Vinícius 13/03/2016
MADRUGADA SANGRENTA
Este livro, desde sua sinopse, promete um desfecho tão surpreendente que deixaria até os leitores mais perspicazes embasbacados, por nunca terem pensado na real explicação. Eu posso dizer que é a mais pura verdade - e é válido lembrar que não estou sendo narcisista, me intitulando como um “leitor perspicaz”, longe disso, só estou concordando com a premissa proposta -, porque Gillian me fez dar voltas e mais voltas sem nunca arranhar a revelação que a estória contém. Além do mais, foi super convincente na abordagem dos personagens, que me pareciam tão incapazes de cometer as atrocidades que movem esta trama, o que é uma clara amostra de sua escrita afiadíssima.
As narrações são conduzidas pelos três personagens-chave, que, alternadamente, vão dando a dimensão dos fatos: Libby Day, seu irmão, Ben Day, e sua mãe, Patty Day. A divisão também é temporal, já que os pontos de vista de intercalam entre os anos de 1985 e 2009.
Na madrugada de 02 de Janeiro de 1985, a família de Libby Day (sua mãe e suas duas irmãs), que na época, tinha apenas sete anos de idade, foi brutalmente assassinada na fazenda em que viviam.

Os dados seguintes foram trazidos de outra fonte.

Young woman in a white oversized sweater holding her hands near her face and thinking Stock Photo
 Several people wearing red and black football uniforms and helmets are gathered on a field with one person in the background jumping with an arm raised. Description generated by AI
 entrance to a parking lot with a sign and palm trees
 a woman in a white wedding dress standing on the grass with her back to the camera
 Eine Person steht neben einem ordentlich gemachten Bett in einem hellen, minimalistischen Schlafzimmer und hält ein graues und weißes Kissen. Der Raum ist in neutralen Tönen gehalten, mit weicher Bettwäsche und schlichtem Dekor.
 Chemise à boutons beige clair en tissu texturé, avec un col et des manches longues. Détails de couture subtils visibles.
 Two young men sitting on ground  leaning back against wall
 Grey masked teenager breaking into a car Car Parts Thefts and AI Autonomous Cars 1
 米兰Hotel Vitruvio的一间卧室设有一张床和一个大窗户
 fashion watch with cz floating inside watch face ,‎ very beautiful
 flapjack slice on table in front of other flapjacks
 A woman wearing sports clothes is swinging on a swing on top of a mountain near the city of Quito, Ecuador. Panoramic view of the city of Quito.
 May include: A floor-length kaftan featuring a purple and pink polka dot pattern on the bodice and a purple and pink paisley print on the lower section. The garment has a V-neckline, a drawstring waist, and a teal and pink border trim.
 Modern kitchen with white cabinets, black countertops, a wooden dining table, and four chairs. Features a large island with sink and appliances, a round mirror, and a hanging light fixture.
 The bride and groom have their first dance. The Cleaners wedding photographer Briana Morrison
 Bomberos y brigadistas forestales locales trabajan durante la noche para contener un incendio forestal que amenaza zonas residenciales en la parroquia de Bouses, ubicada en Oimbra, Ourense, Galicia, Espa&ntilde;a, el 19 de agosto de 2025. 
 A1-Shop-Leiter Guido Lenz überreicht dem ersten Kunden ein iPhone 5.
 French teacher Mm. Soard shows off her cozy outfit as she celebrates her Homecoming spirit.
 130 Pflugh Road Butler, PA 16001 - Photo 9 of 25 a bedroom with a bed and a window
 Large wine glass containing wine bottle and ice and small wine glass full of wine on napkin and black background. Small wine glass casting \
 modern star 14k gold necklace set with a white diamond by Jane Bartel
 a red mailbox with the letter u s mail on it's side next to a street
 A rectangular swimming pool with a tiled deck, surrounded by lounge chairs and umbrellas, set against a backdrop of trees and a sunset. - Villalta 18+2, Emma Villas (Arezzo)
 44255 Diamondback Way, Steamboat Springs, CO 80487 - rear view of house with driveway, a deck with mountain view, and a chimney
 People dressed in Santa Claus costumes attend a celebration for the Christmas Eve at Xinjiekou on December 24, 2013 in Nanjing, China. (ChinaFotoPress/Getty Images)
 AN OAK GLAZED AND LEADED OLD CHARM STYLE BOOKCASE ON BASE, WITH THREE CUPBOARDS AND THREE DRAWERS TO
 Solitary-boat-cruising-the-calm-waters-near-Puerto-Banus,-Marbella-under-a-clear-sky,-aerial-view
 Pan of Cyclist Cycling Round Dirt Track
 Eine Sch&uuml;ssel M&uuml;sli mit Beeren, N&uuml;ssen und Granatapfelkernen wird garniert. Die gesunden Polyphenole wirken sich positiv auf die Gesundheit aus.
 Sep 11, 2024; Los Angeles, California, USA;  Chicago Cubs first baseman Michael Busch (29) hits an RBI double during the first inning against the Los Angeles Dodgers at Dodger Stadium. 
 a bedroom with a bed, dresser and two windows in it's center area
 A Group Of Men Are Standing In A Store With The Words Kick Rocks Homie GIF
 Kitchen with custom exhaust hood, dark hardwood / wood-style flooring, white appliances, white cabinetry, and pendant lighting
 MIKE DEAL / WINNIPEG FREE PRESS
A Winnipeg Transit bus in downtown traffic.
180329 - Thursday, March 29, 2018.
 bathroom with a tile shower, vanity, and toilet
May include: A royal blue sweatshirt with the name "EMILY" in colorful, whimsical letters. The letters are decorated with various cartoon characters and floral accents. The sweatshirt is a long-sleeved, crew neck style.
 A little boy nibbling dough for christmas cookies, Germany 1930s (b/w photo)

O principal suspeito e, por sua vez, condenado pelo crime fora seu irmão, Ben, que àquela altura estava no auge de seus quinze anos e, de acordo com o pensamento popular, fizera toda aquela maldade como parte de um ritual satânico. A partir de então, Libby fora criada por parentes, tendo que mudar-se frequentemente. 24 anos depois, Libby, agora adulta, é uma mulher frígida, solitária e completamente sem rumo na vida. Sua personalidade, por conseguinte, é resultado dos traumas gerados pela carnificina que presenciou. As engrenagens na vida de Libby começam a girar quando ela se vê completamente sem dinheiro, já que os fundos das doações que recebera durante todos aqueles anos estão escasseando, e, como que uma luz no fim do túnel, um grupo de especialistas em crimes brutais, conhecido como Kill Club, vai a sua procura e lhe oferece recompensas financeiras para que ela investigue o massacre de sua família, afinal de contas, todo o processo de condenação de Ben fora bastante confuso, resultado de uma investigação cheia de brechas e de a única testemunha ter sido a própria Libby, que, por ser tão jovem, pode muito bem ter sido manipulada, ou tirado fatos de seu imaginário. Sem nenhuma saída para sua crise financeira, Libby aceita a proposta e, então, passa a encarar todos os “lugares escuros” de sua mente, onde esconde suas lembranças, assim como é obrigada a ficar frente a frente com seu irmão condenado e seu pai omisso, que nunca lhe dera nenhuma assistência, mesmo depois de tudo.
Desde o começo, é importantíssimo elogiar a construção de Libby Day. Ela não é nenhuma heroína, ou mulher virtuosa, mas sim, um alguém que acredita ser má, é egoísta, sem compaixão e, acima de tudo, considera que não merece nada de melhor na vida. É sempre muito interessante um ponto de vista dessa forma, que rompe os padrões de comportamento, muitas vezes, atrelados a protagonistas. Analisando bem, esse ponto positivo também se reflete, em diferentes níveis, em todos os personagens. Todos eles são imperfeitos, verossímeis, humanos.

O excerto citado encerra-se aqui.